Would you reproduce exactly, and only, the lines starting at the one with "asian woman holding" and ending at the last line of the data, with both included? Leave the pictures out.

== Source data ==
=======

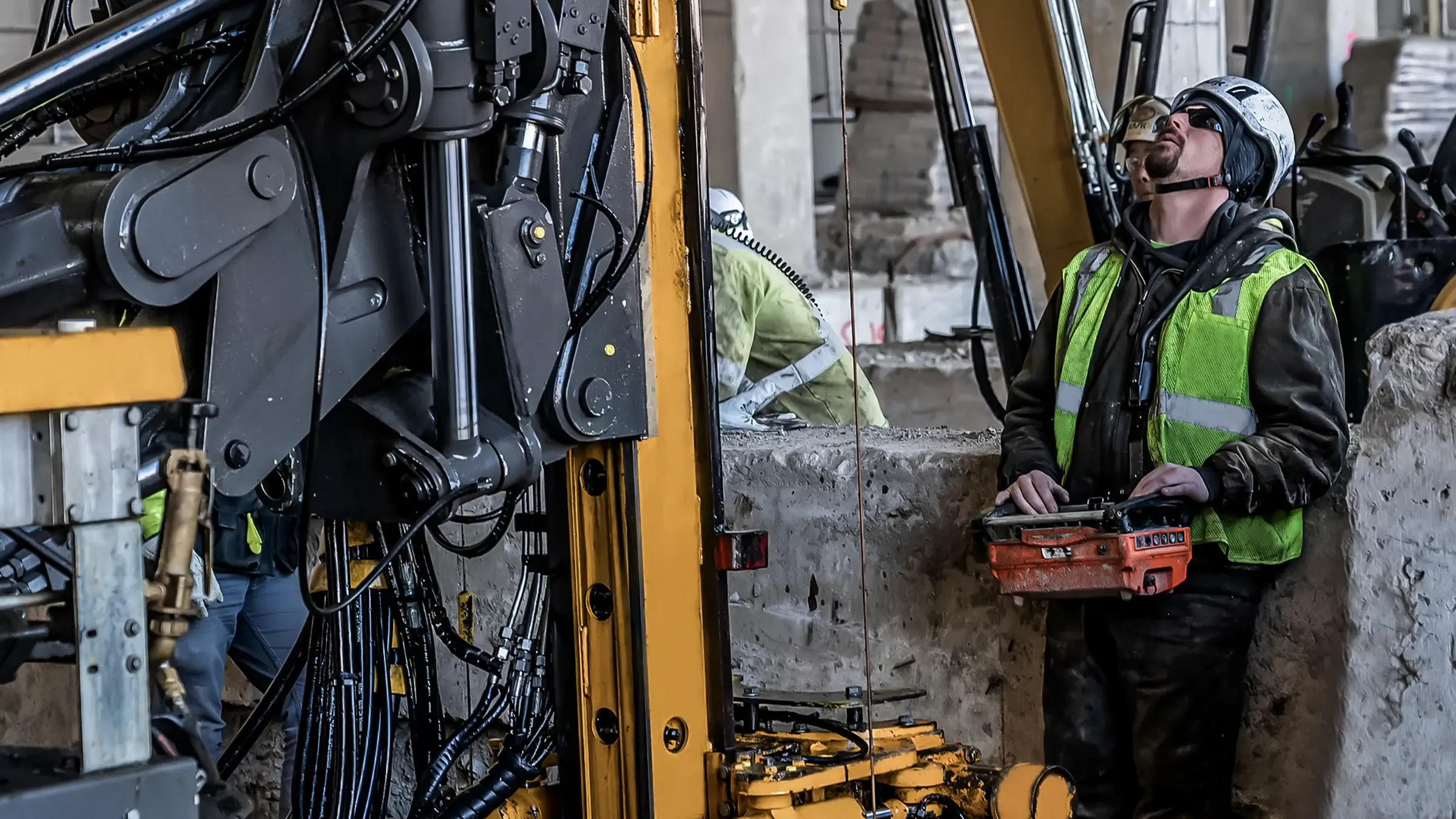 Man using remote control to operate construction equipment on jobsite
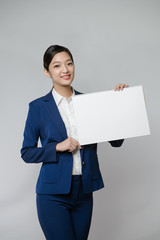 asian woman holding white blank cardboard, over gray background.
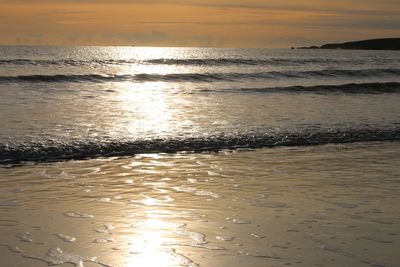 Scenic view of sea at sunset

=======

== Response to this task ==
 asian woman holding white blank cardboard, over gray background.
 Scenic view of sea at sunset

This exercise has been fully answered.